The latest round of embarrassing federal data breaches struck the very agencies charged with protecting us, evidence one leading member of Congress believes is proof that throwing money at a problem doesn’t solve much unless there’s accountability to go with it.
Days later the story took on additional embarrassment when authorities arrested the perpetrator, a 16-year-old boy in Great Britain. The teen said he gained access to the information through weak security in the Department of Justice email system.
House Oversight and Government Reform Subcommittee on Government Operations Chairman Mark Meadows, R-N.C., says this case offers another sobering national security reminder.
“It shows two things. One is that no agency is immune from the attacks. But, more specifically, in spite of spending some $80 billion a year in IT provisions, that that money is not necessarily directed towards not only the most up-to-date encryption but cyber defenses,” said Meadows.
As the details of the attacks on the FBI and Homeland Security emerged, President Obama spelled out his prescription for shoring up U.S. cyber security efforts.
“I’m announcing our new Cybersecurity National Action Plan, backed by my proposal to increase federal cybersecurity funding by more than a third, to over $19 billion. This plan will address both short-term and long-term threats, with the goal of providing every American a basic level of online security,” wrote Obama in the Wall Street Journal.
“First, I’m proposing a $3 billion fund to kick-start an overhaul of federal computer systems. It is no secret that too often government IT is like an Atari game in an Xbox world. The Social Security Administration uses systems and code from the 1960s. No successful business could operate this way,” he added.
Meadows agrees that U.S. infrastructure is badly in need up an upgrade and that will cost money, but he says just spending more money isn’t going to solve the problem.
“Some $80 billion is spent annually on IT. That doesn’t include some of those offline budget items that some would suggest is another 20 billion. A hundred billion spent and yet what we’re seeing is the resources that could be deployed have not been,” said Meadows.
“We found that tools were available for use yet weren’t turned on,” said Meadows, who will be holding hearings on the subject soon. “It’s time that we not only get serious about it but we have to be more prudent in where we put our resources.”
Meadows believes the president is serious about beefing up our cyber defenses but two major problems are impeding any progress. The first is simply the realities of Washington.
“Obviously, bureaucracy and politics get in the way of almost everything in Washington, D.C. So to suggest that did not have a role would be disingenuous,” said Meadows.
But he says there are some more deliberate sticks in the mud too.
“Where we have a real breakdown is with some of our CIO’s, our chief information officers,” said Meadows, noting he was particularly unimpressed with testimony following the massive breach at the Office of Personnel Management in 2015.
He says across the government the performance levels are very poor.
“We give them a grade and most agencies got an ‘F’ initially.

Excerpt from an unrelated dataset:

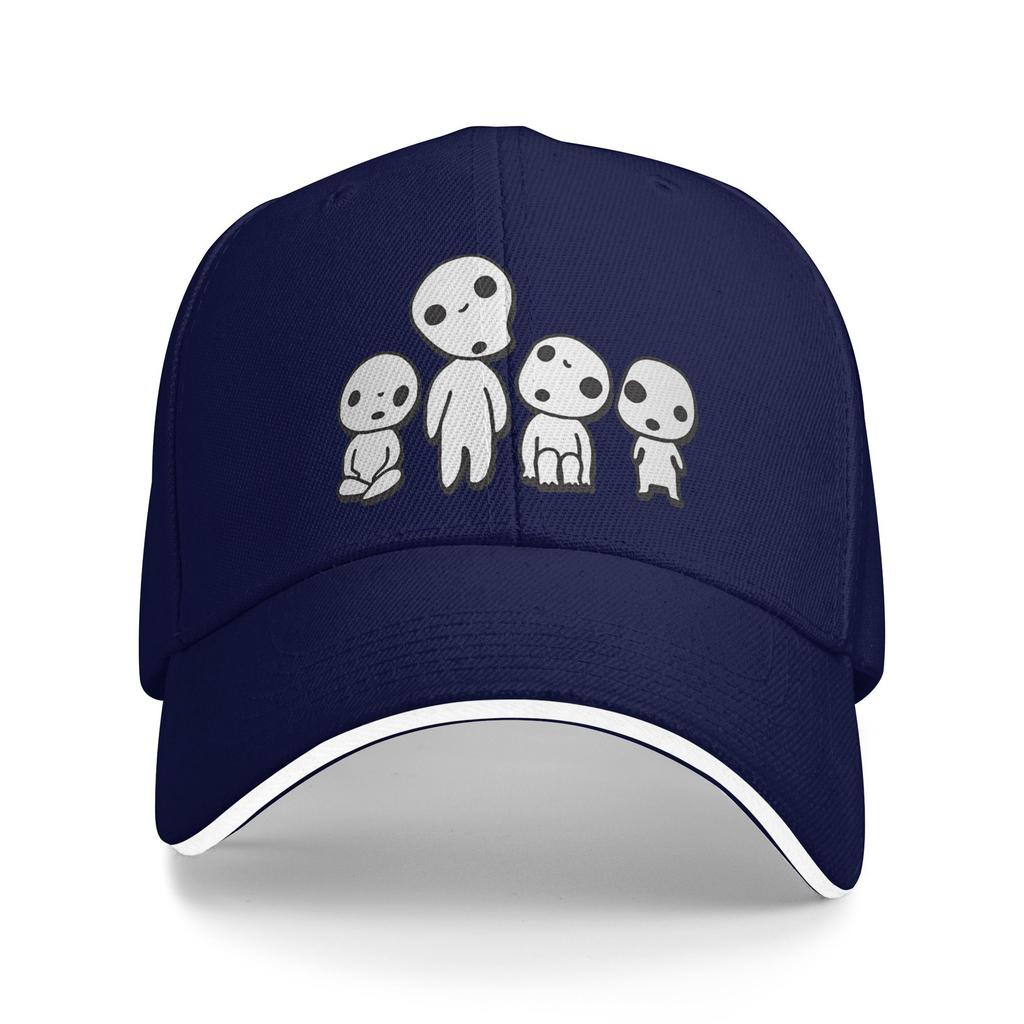 Unisex Women Kodama princess mononoke  Hat Trendy Baseball Cap  Trucker Hat Golf Headewear Adjustable Fit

So we’re not only going to be tracking this on a quarterly basis but holding hearings every sixth months to make sure that we make progress,” said Meadows.
The congressman says achieving results all comes down to a simple concept.
“It’s really more accountability from an oversight standpoint, but also making sure those doing a good job are rewarded and those who don’t actually are held accountable,” said Meadows.
And improving competence and performance, says Meadows, starts with appreciating the scope of the threat.
“My trouble with so much of this is that the attacks continue to come on a daily and hourly and minute-by-minute basis. Yet, what we’re doing is assuming we’re immune to those attacks from our foreign enemies,” said Meadows.
If the federal government, at all levels, truly committed to addressing the cyber threat, Meadows believes it wouldn’t take long to put us on much more solid footing.
“There’s enough, not only financial resources, but commitment there that we could see drastic improvement in a very short window, six to nine months,” said Meadows.
Meadows says the FBI and Homeland Security breaches only intensify an existing commitment from congressional Republicans to protect the American people and their information.
“Chairman (Jason) Chaffetz and myself are committed, both at the subcommittee level and the full committee, to continue to keep the pressure on until we get this problem resolved so that all Americans and our federal records can rest assured that we’re being vigilant about it,” said Meadows.